Comme je ne voyais nulle expression de douleur, ma colère s’accentua à son paroxysme. Par tous les moyens, il devait mesurer ce qu’il en coutait d’éveiller la bête. Je cherchais à creuser des sillons de chair avec mes dents, remuer le couteau dans la plaie, sculpter sa douleur.
En dépit de réaction, lorsque que je me reculais pour observer mon œuvre, Abiotos me regarda d’un air sincèrement peiné et son émotion attendri partiellement ma colère. Je regagnai bientôt forme humaine et me désengageait de l’étreinte que je lui imposais.
-Excuses-moi Zachary, je ne pensais pas totalement ce que je disais. Je voulais juste voir ta bête humaine.
Un soubresaut de colère me poussa à lui répondre d’une voix totalement sarcastique.
-Oh ? Tu voulais me voir souffrir pour ta propre satisfaction ? Il fallait le dire plus vite… tu es entièrement pardonné. Alors ? Satisfait ? Tu as eu ce que tu voulais ?

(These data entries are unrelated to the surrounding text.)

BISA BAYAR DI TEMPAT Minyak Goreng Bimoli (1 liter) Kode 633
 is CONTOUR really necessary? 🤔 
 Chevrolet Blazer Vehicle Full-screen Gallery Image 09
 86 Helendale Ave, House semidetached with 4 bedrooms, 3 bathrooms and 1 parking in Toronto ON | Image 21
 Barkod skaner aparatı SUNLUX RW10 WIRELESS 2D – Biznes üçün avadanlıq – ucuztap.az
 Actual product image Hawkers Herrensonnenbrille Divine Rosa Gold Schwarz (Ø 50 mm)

Ma masse musculaire désempli pour retrouver forme humaine, mes écailles de disloquèrent en autant de tendon et de muscles qu’il avait fallu pour les composer.
-Satisfait ? Non. Impressionné ? Oui.
Il ne prenait plus de gants à formuler sa réponse, l’expérience devait tout de même l’avoir secouée. Quant à moi, j’avais beau essayé d’amortir ma déception, rien n’y fit : son jugement n’avait désormais plus aucune importance à mes yeux.
-Tu sais quoi ? Tu avais un peu raison, tout à l’heure. Je quitte parfois mon flegme pour m’abandonner à la colère. Alors qu’accompagner ma rage d’un semblant de contrôle permets d’obtenir de biens meilleurs résultats.
Le seigneur des cafards me lança un regard incrédule, ne sachant pas où je voulais en venir alors qu’un rire abominable germait dans les tréfonds de mon gosier.
Pardonne cette attitude de néophyte, c’était indigne de moi. J’ai perdu mon sang-froid. Je me suis laissé dépasser par les émotions et j’ai sincèrement voulu te faire du mal physiquement.
Un rire qui appelle aux tourments, au sadisme, comme si mon esprit se satisfaisait déjà de sa propre cruauté.
Alors que tous les profanes savent que c’est ainsi que l’on inflige les pires tourments.
Je n’avais jamais eu autant soif d’atrocité. Rien ne lui serait épargné, il ne méritait pas mon ménagement. Lui qui avait été si prompt à me juger, subira le courroux de ma juste vindicte.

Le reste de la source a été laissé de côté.